I continue to thing this “Overparenting Crisis” is the just the current Edu-fad. It is true that there are some over the top parents out there, but in my experience, they are vastly outnumbered by the clueless, and uninvolved parents.
For the vast majority of parents, more involvement would be better.
To the parent who was bitching out his 16 year old kid, and acting like his life is over because he only scored a 29 on the ACT, I would like to see you take it right now and score better. Perhaps he can improve, but that is a very good score. Screaming is not the right approach.
To the parent who thinks his son is in geometry because her homework had to do with “completing the square,” that is algebra.
To the parent who described her son as a “math genius” and then explained that he is starting high school in the fall and he has “already finished pre-algebra,” he actually isn’t a math genius.
To the parent of a high school senior who wanted to know what their son needs to “start doing” to get into an Ivy League school, it is way too late now if he hasn’t been doing the right things up to this point.
For every helicopter parent there are dozens of parents with little or no idea about what is going on at their kids school, who never look at the homework, who don’t attend conferences, and who have no idea what it would take to get into a good top 100 college, say Michigan State (Go Green!). I am just talking about a solid University, not the esoteric fun house world of top 20 admissions.
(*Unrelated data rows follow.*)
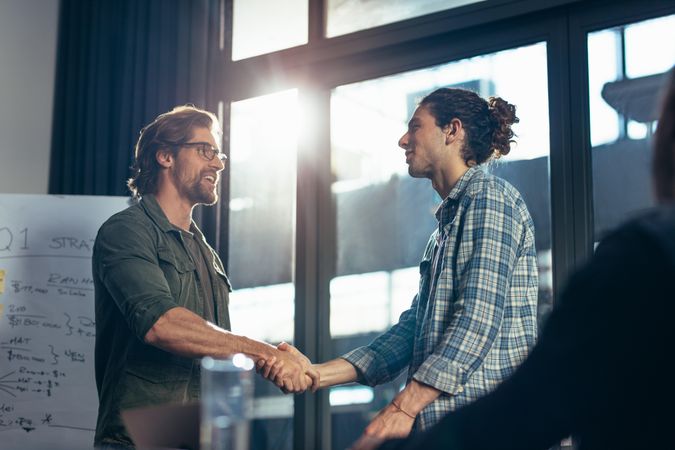 Young businessman shaking hands with male colleague after meeting in boardroom
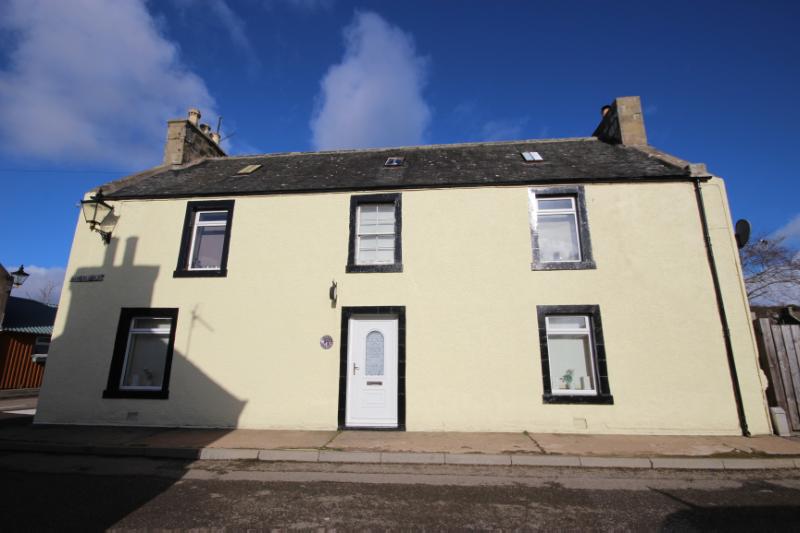 Feranich, Sutherland Street, Helmsdale, principal elevation, looking northeast. during daytime, on clear day with blue sky. 
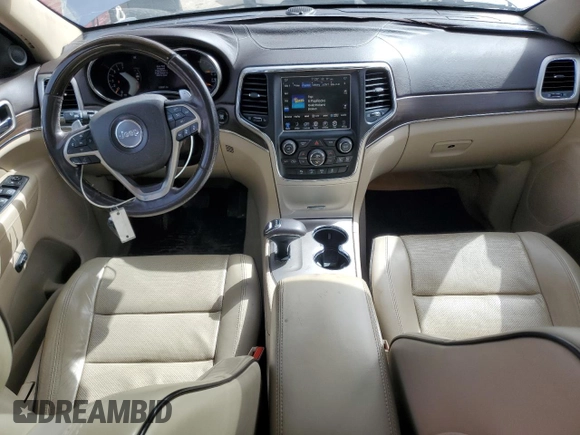 2014 Jeep Grand Cherokee Overland with VIN 1C4RJFCG4EC326325, listed as a Copart auction lot 49166645 with 128,261 mi miles and Salvage Title. Bid and sale history available at DreamBid. Image 8.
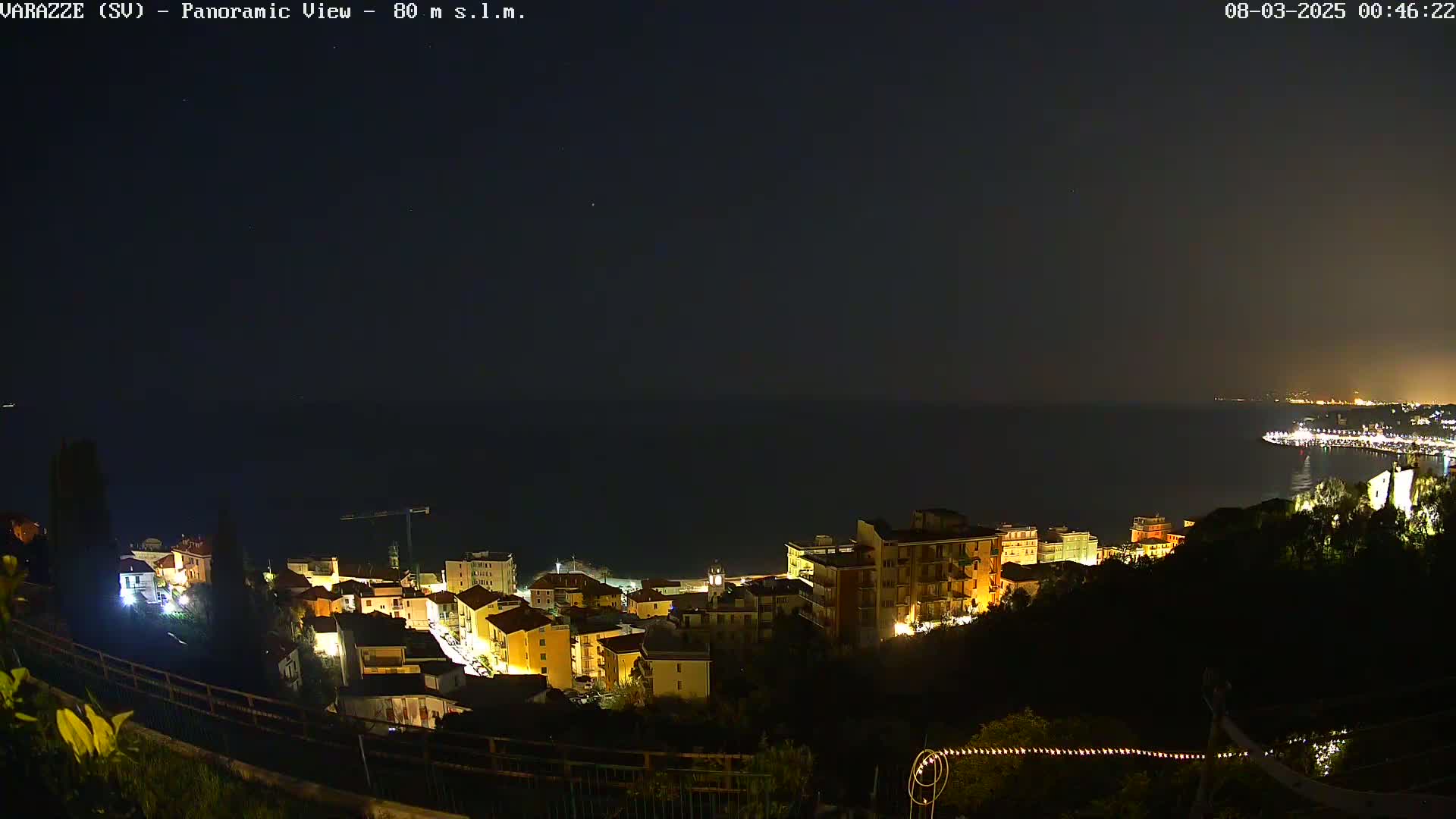 A nighttime panoramic view shows a coastal town illuminated, nestled on a hillside overlooking a dark sea under a clear sky.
The real crisis has always been and continues to be parents who are too uninvolved and uninformed about their kids education. The helicopter parents and tiger parents may provide an occasional entertaining side show, but they are not the big problem. If the average parent would just spend one hour per week to be informed about their kids academics, it would make a huge difference. Write an email to the teacher, attend a conference, look at their homework, if your student has to read “To Kill a Mockingbird”, then you read it too and talk with them about it. Take just a little time to be informed about what they are doing and learning.